- EXERCISE DIRECTIONS:
Omitting the pictures, restate all of the entries below exactly.
_ _ _ _
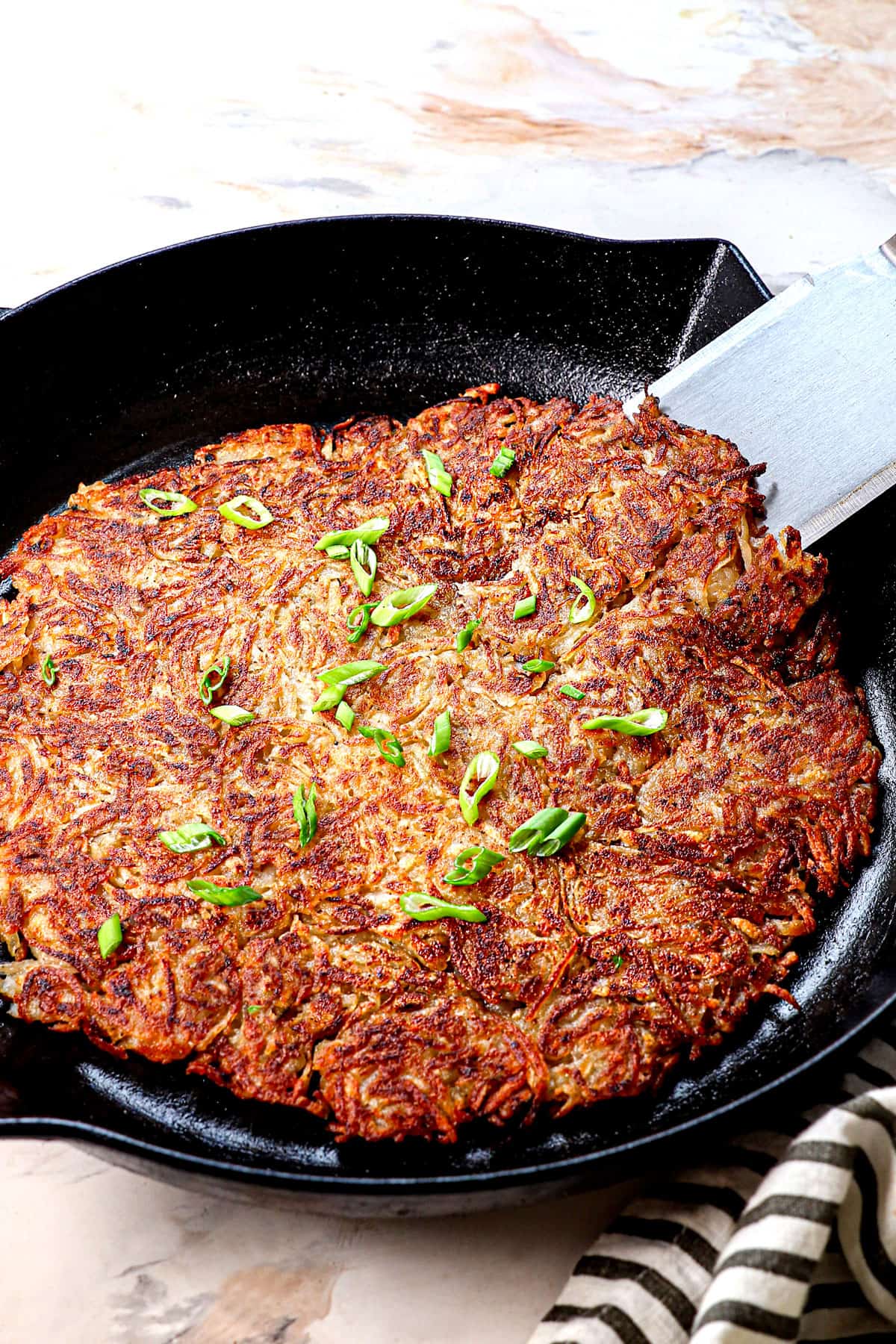 hash brown recipe in a skillet showing how crispy it is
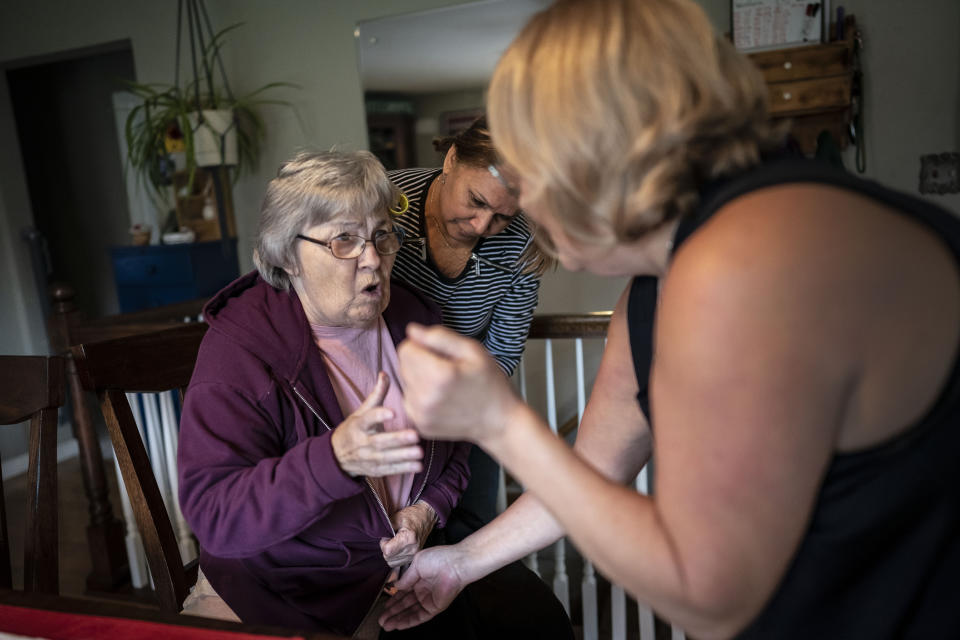 Betty Bednarowski tries to argue with her daughter, Susan Ryder, left, and nursing assistant Arelis Estrella, center, against having her compression stockings put on her legs, Tuesday, Nov. 30, 2021, in Rotterdam Junction, N.Y. (AP Photo/Wong Maye-E)
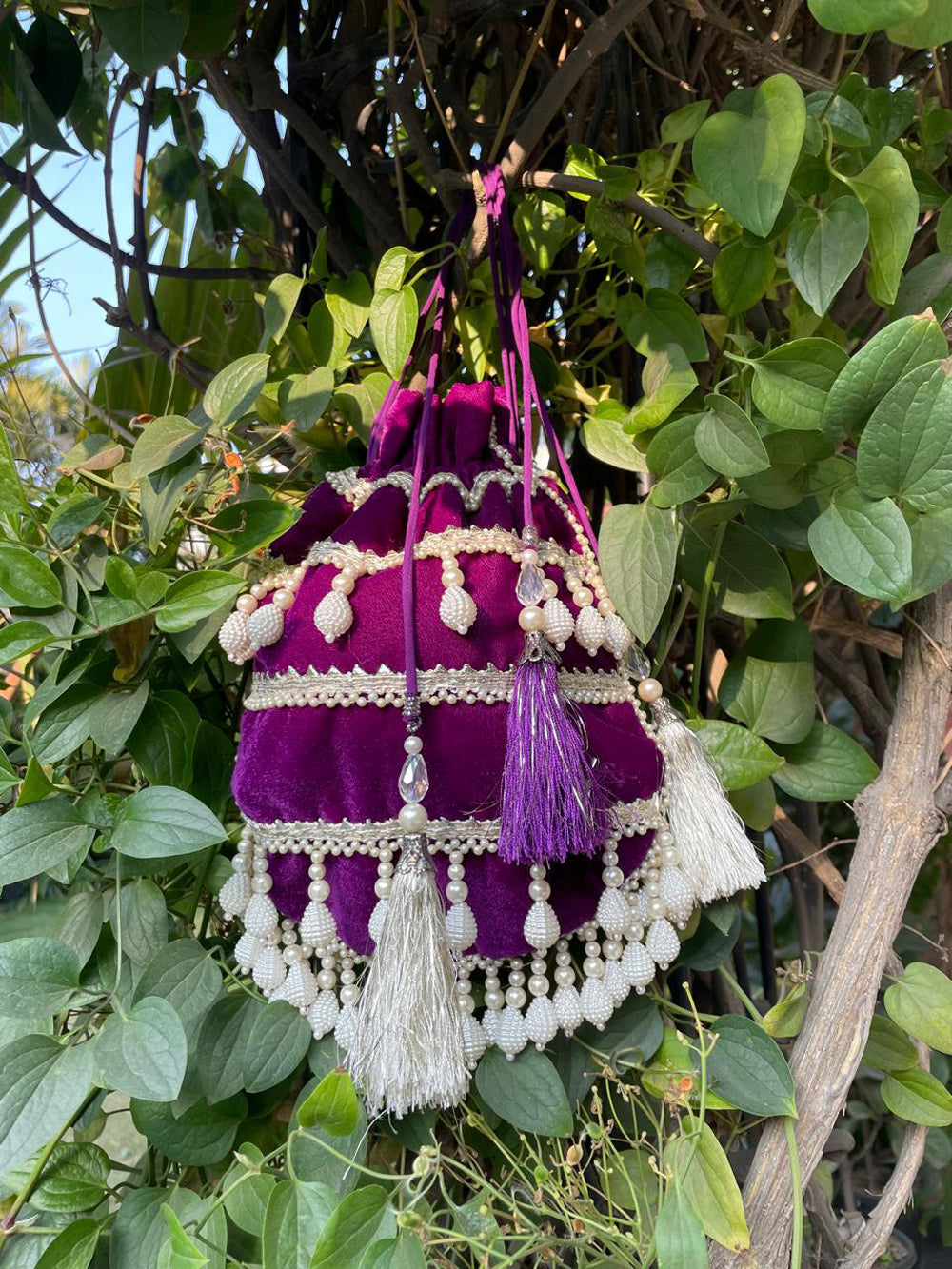 Elegant Purple Velvet Potli Bag with Pearl Detailing for Weddings
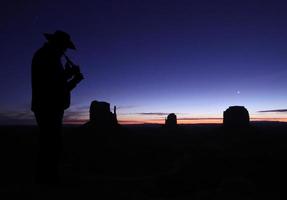 Mann spielt Flöte in der Wüste in der Abenddämmerung foto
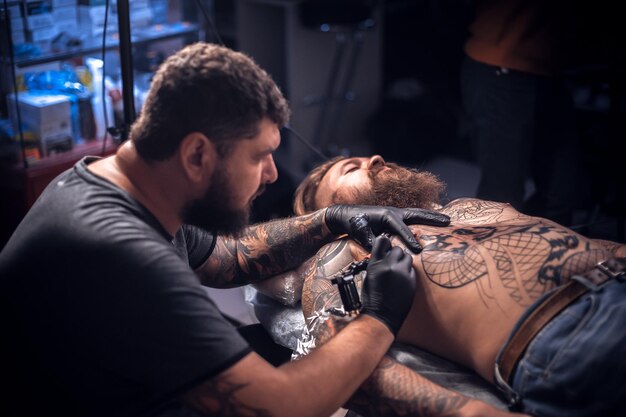 El tatuador hace fotos de tatuajes en el estudio de tatuajes./Maestro del arte de tatuar haciendo fotos de tatuajes en el salón.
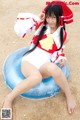 A woman in a red and white outfit sitting on an inflatable ring.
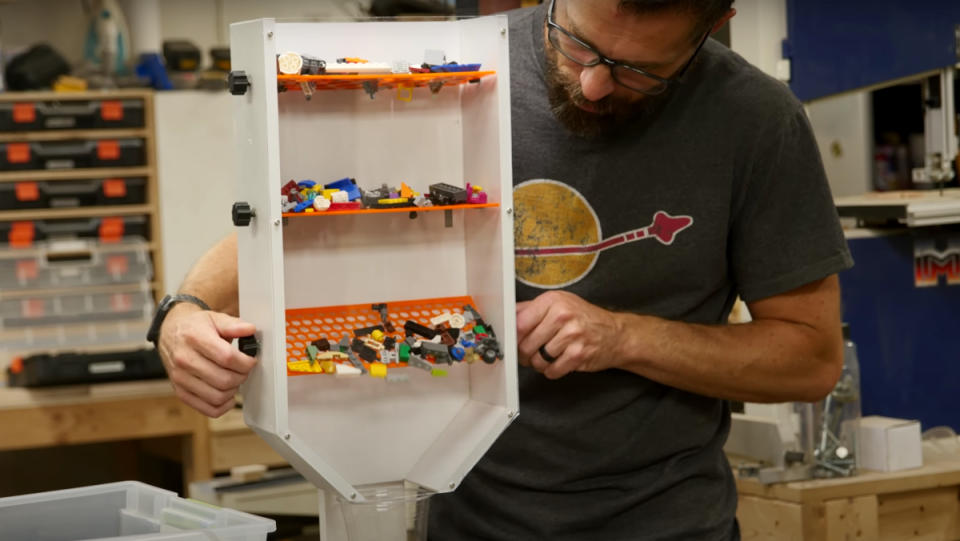 A man using his hands to adjust the orange filters of his DIY LEGO sorter.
_ _ _ _
- WORKED SOLUTION:
 hash brown recipe in a skillet showing how crispy it is
 Betty Bednarowski tries to argue with her daughter, Susan Ryder, left, and nursing assistant Arelis Estrella, center, against having her compression stockings put on her legs, Tuesday, Nov. 30, 2021, in Rotterdam Junction, N.Y. (AP Photo/Wong Maye-E)
 Elegant Purple Velvet Potli Bag with Pearl Detailing for Weddings
 Mann spielt Flöte in der Wüste in der Abenddämmerung foto
 El tatuador hace fotos de tatuajes en el estudio de tatuajes./Maestro del arte de tatuar haciendo fotos de tatuajes en el salón.
 A woman in a red and white outfit sitting on an inflatable ring.
 A man using his hands to adjust the orange filters of his DIY LEGO sorter.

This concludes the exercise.